I tried, consider function $f: \mathbb{R} \rightarrow \mathbb{R}$ with $$f(x)=x^5-2x^4-3x^3-4x^2-5x-6.$$ We have $f$ is a continous function and $f(0)<0$. Another way, $$\displaystyle \lim_{x \to +\infty} f(x) = +\infty, $$ therefore there is exits a number $a >0$ such that $f(a) >0$.
Because, $f(0) \cdot f(a) <0$, therefore the equation $f(x) = 0$ has a solution $x_0 $ belongs to $(0,a)$.

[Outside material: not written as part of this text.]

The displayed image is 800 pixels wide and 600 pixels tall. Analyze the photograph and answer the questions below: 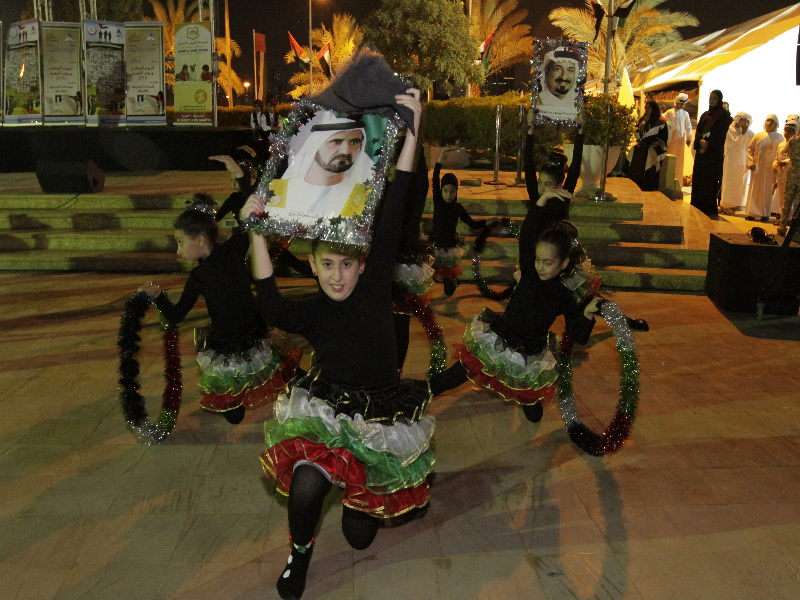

Now I can not prove $x_0$ is unique solution. How can I do that without using derivative?
Ingeneral, how can I prove that the equation $$x^n = P_{n-1}(x),$$ where, $P_{n-1}(x)$ is a polynomial of $n-1$ degree and all positive real coefficients has unique positive real solution.
If $ x<0,$ always $f(x)<0$
$f(x)=(x^2-2x-3)(x^3-1)-3(x^2+x+1)$
$=((x-1)^2-4)(x^3-1)-3(x^2+x+1)$
at least x>3 we know.$f(4)=5*63-3*25>0$
In the area of $3<x<4 $ there is an unique solution.